Bronx NYPD officer Pedro Serrano taped his supervisor telling him, “The problem was what? Male blacks. And I told you that at roll call, and I have no problem telling you this: male blacks 14 to 20.” That tape was played in court.
Stop-and-frisk recreates the signification of criminality attached to black and brown skin and creates real forms of social stigmatization, diminishes life opportunities, limits basic rights, and reproduces mass joblessness.
Race-based policing thus contributes to cycles of violence, both state violence and violence between people, and reinforces the very practice of race-based policing while allowing the social conditions that lead to crime in the first place to go ignored.
In this way, the NYPD’s stop-and-frisk tactic is a case of what Loïc Wacquant calls the “racialized penalization of poverty” in the United States, with state-sanctioned violence used to subdue marginalized populations of highly-expendable surplus humanity, a population whose labor is no longer needed, all the while blaming the individual for social conditions far out of their control.
Rather than breaking the cycle of violence and deterring crime, tactics like stop-and-frisk recreate the conditions that produce violence and criminality, thus further contributing to their existence.
From the web site, Point of View: (This is a very fine, thoughtful post.)
Predictably, most of the mayoral candidates who support stop and frisk are white.
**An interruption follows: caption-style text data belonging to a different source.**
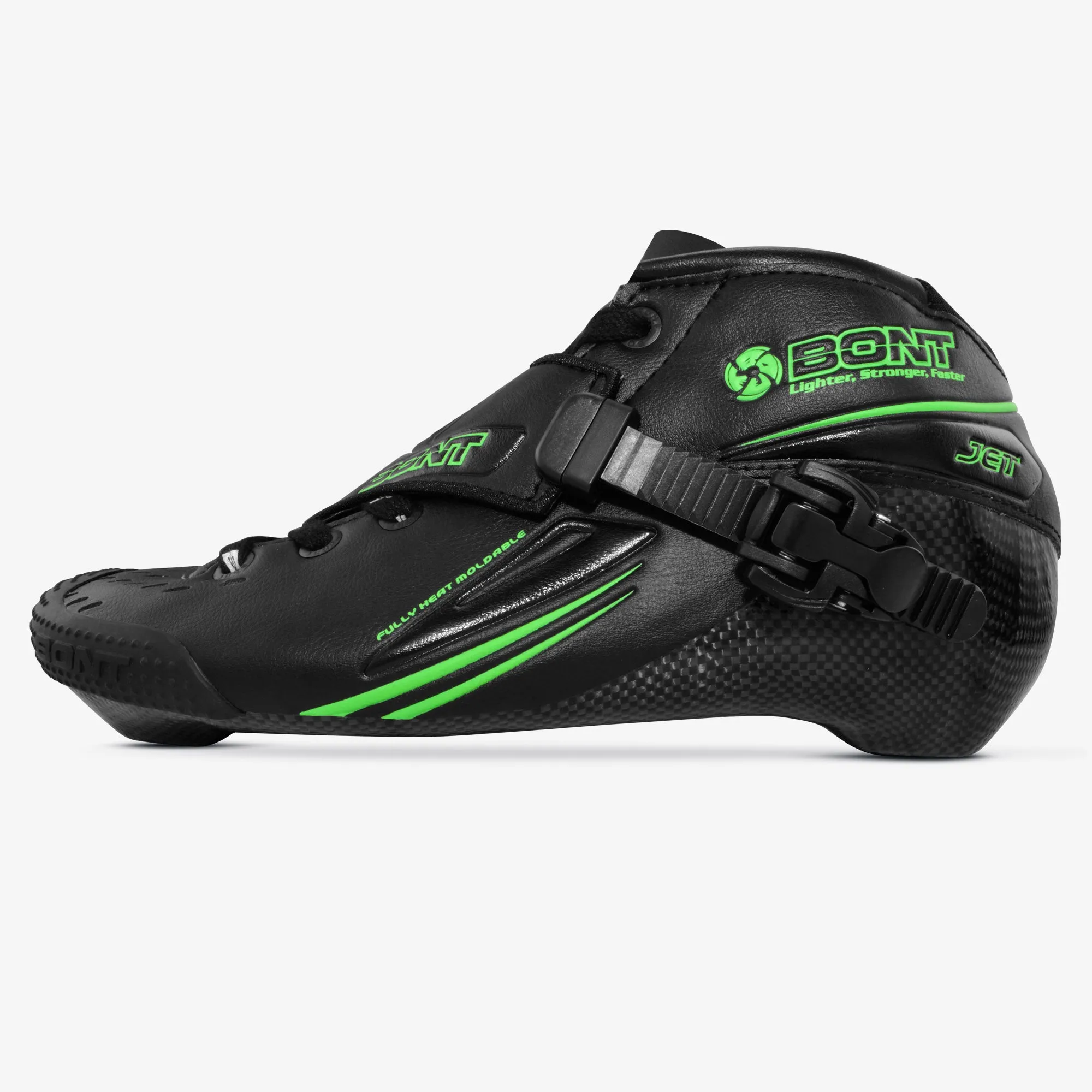 Bont Jet - Inline Race Boot (Colours)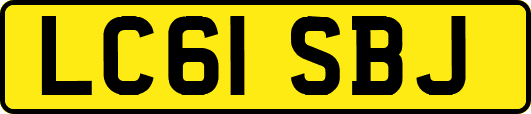 LC61SBJ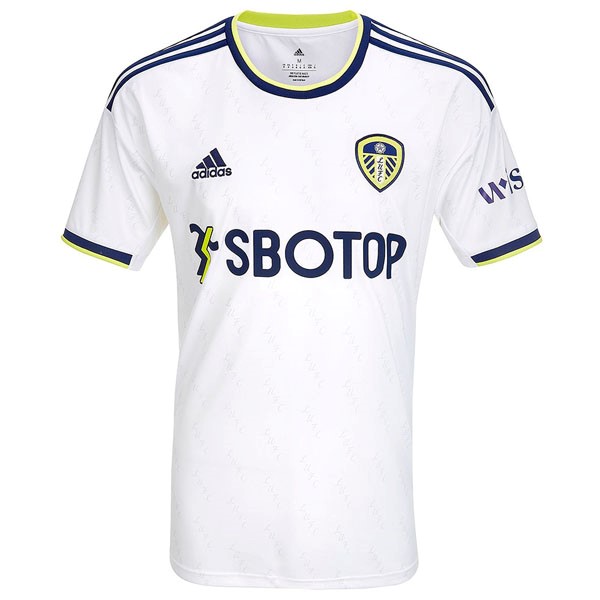 Tailandia Camiseta Leeds United 1st 2022-2023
Indeed, most of the most vocal supporters of stop and frisk are white. Most of these men and women (and their sons) have never been on the business end of a police stop and even if they were the odds are that they were treated with a level of dignity and respect rarely seen by black and Latino young men.
Even more interesting are the black and Latino public figures that support stop and frisk “with modifications”. The fact is that even if a person is stopped and frisked and is not cursed at or threatened with a beat down, even if that person is not thrown against a wall or subjected to racial epithets, they are still being stopped and frisked without probable cause. That black and Latino public figures would be complicit in degradation and humiliation “with modifications” is disturbing and distressing.
Black or white or Latino, it would seem that the supporters of stop and frisk either believe that only guilty people get stopped – but the statistics overwhelmingly show that this is not true. The alternative is that these apologists for illegality somehow believe that degradation and humiliation “with modifications” is a price that some people have to pay so that crime can be reduced.
The question has to be asked of these advocates of constitutional dilution – what price would be too high?